RedShark News - Video technology news and analysis

DCP - Digital Cinema Package - Explained

Written by Phil Rhodes | Aug 24, 2014 12:00:00 AM
Digital Cinema Package

Phil Rhodes gives us the lowdown on DCPs, or digital cinema packages, and reveals what London's Deluxe must do to prepare international distribution for X-Men: Days of Future Past.

Taking an independent feature, or even a short, to anything but the lowest-end festivals at the moment tends to require a DCP – a digital cinema package, the standard approach to sending digital moving images, soundtracks, and extras including subtitles, from a producing entity such as a studio to the exhibitor.

The written standard for doing this, developed in the early part of the 2000s, was intended to directly replace the 35mm film print that had been traditional for decades, and uses JPEG2000 image compression alongside uncompressed audio, plus XML for subtitles and metadata, wrapped up in MXF files and encrypted. Although an MXF file full of JPEG-2000 frames isn't that technically dissimilar to an AVI or Quicktime movie, the whole DCP spec is not the simplest thing in the world, having been engineered to allow for various flexibilities that are of use to the exhibition trade.

DCP, decrypted

Many people, who do the work that traditionally happens toward the end of postproduction, will grimace at the memory of blithely-issued requests to "convert a production to DCP", as if the procedure were one-click. The reality is that while it can sometimes, in the very simplest cases, be almost that simple, anything beyond the very simplest requirements can get quite complicated quickly, especially taking the slightly variable compatibility of the various screen server hardware that's installed worldwide.

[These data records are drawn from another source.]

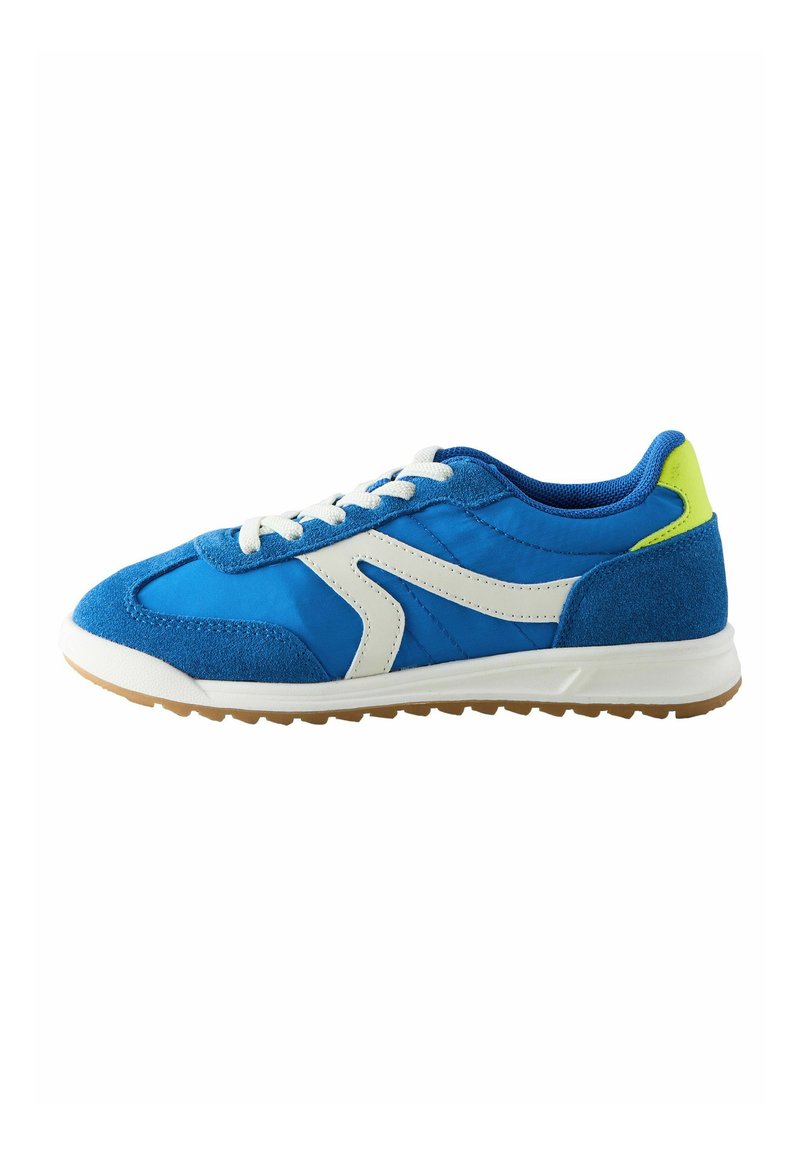 Baskets de sport bleues avec une bande blanche, fabriquées à partir de matériaux lisses et texturés, dotées d'une semelle en caoutchouc naturel et de lacets blancs.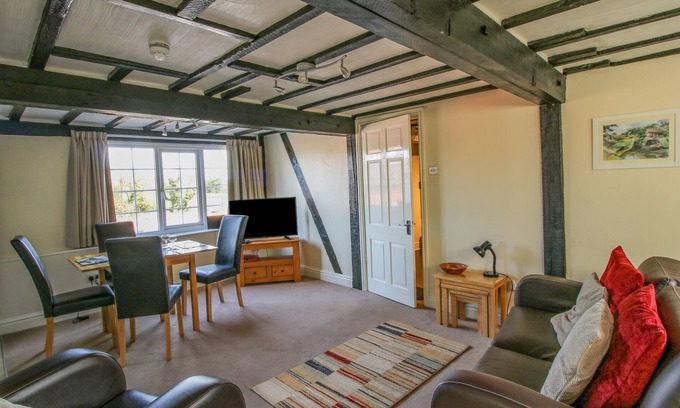 Nantwich Cottage | Discover Mill End: Pet-Friendly Retreat with Garden in Wrenbury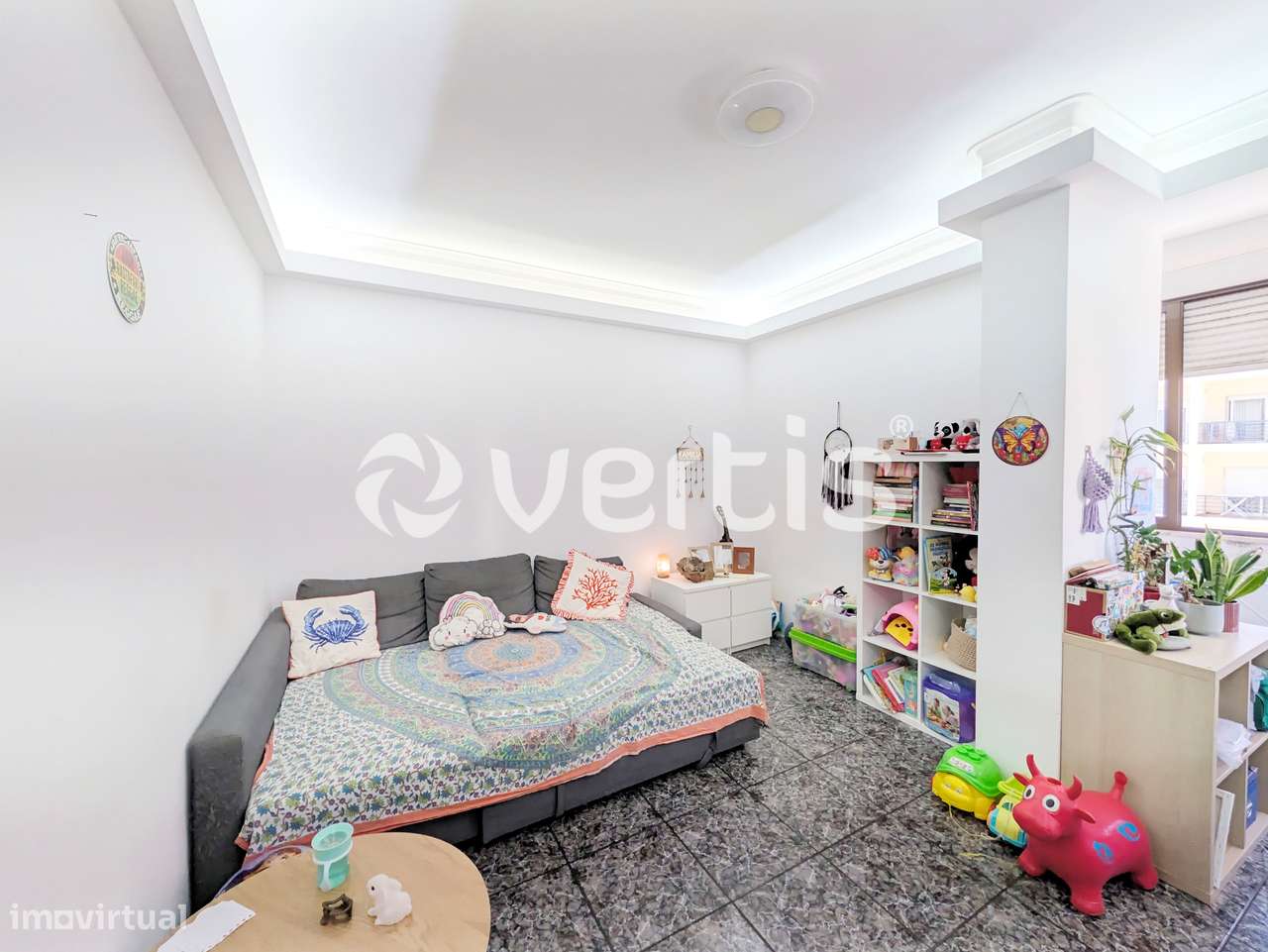 Apartamento T2 remodelado no centro do Barreiro-1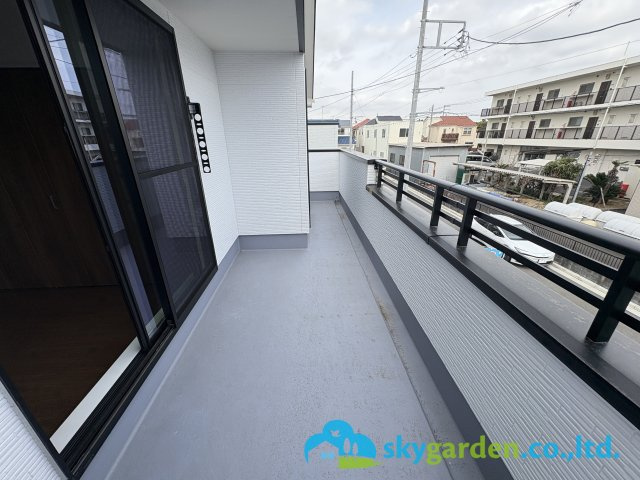 藤沢市辻堂太平台　新築戸建　全5棟1号棟のバルコニー|ゆったりとしたバルコニーがあります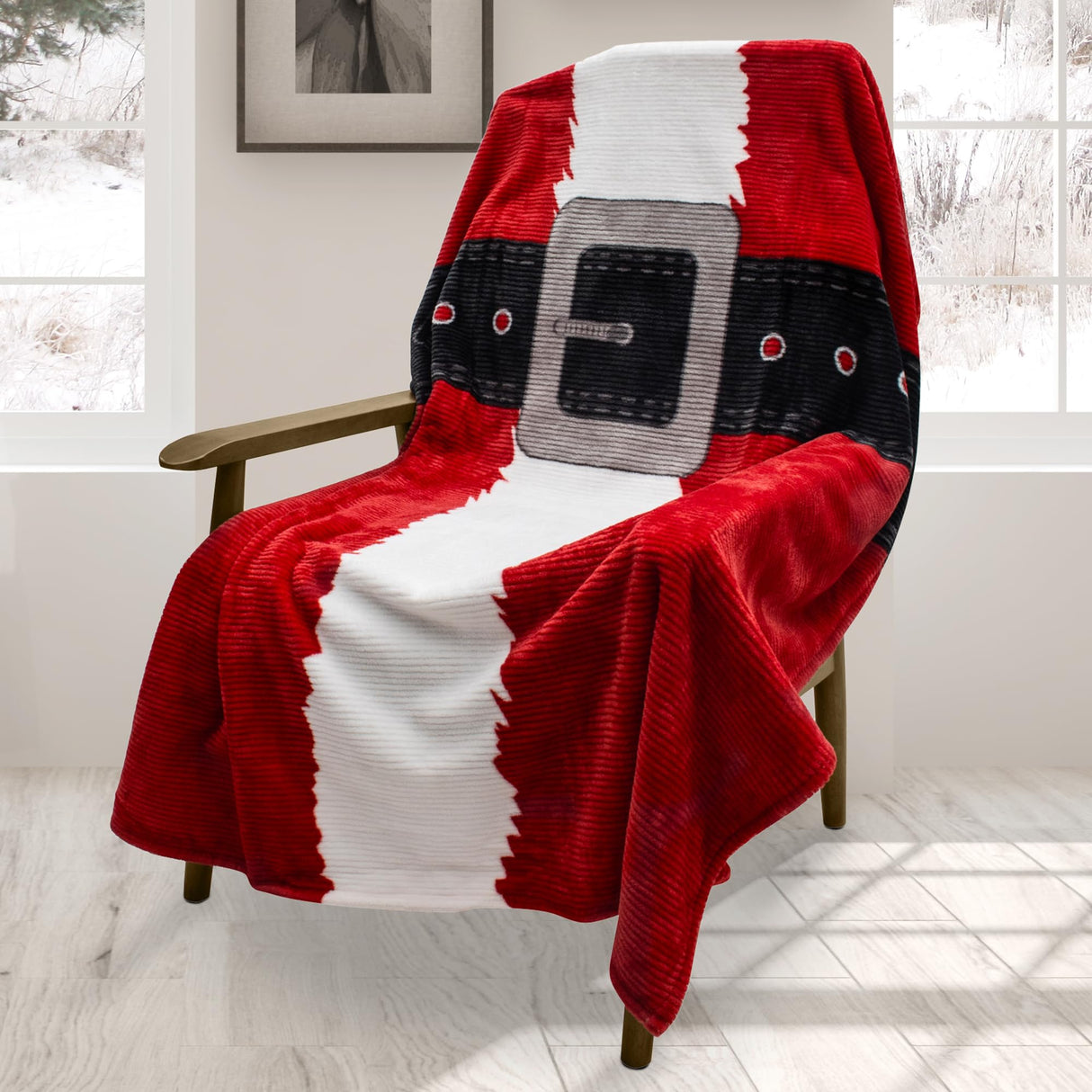 Christmas Premium Throw Blanket for Couch. Fleece Blanket for Bed. Plush Blanket. Super Soft, Fluffy, Fuzzy, Cozy Throw Blankets for Bed. Machine Washable Santa Safdie & Co.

However, if you're a large studio (say, Twentieth Century Fox) – with a large film (say, X-Men: Days of Future Past) to distribute over territories such as Europe, the Middle East and Africa, with all of the dubbing, titling and subtitling issues attending the wide variety of languages spoken in these areas, then the process of simply preparing and shipping all of the required versions of your film becomes a significant amount of work. Add the need to encrypt big, popular, piracy-attracting movies, and there's a significant administrative burden, because a DCP is keyed to a specific screen in a specific cinema over a specific date range. Let's say an exhibitor might be keen to extend the showing of a popular film, or, perhaps, move it from one screen to another as its popularity varies, or because of an equipment failure. This would require the issuing of fresh decryption keys and the appropriate contractual liaison with both the studio and distributor. China alone has eight to ten thousand screens, each of which has a screen server – the "trusted device" - with a specific device key, with which a DCP must be compatible.

Deluxe assistance

On one hand, this is largely an issue of data-wrangling, administration, and couriering hard disks around, but it's not hard to imagine why the major studios prefer to farm the work out. Our example of the recent X-Men sequel is illustrative: handled by Deluxe in London, just the EMEA release required 137 unique versions of the feature, and that's before we consider home entertainment versions and trailers in formats suited to web distribution. Deluxe provided not only the rather mechanical conversion and preparation work, but also ran a department dedicated to recreating titles in various languages, using visual effects software to match the look of the original version. They run an in-house development team which, among other things, has created software to place 3D subtitles in appropriate Z-axis positions, such that they don't end up embedded in what appears to be a solid object. DCPs, incidentally, don't directly support 3D subtitles, so accomplishing this requires a complete remastering of the picture with the subtitle rendered into it as a permanent part of the image. Finally, consider that features may be released with audio in 5.1 or 7.1 surround, or in the recent Dolby Atmos format.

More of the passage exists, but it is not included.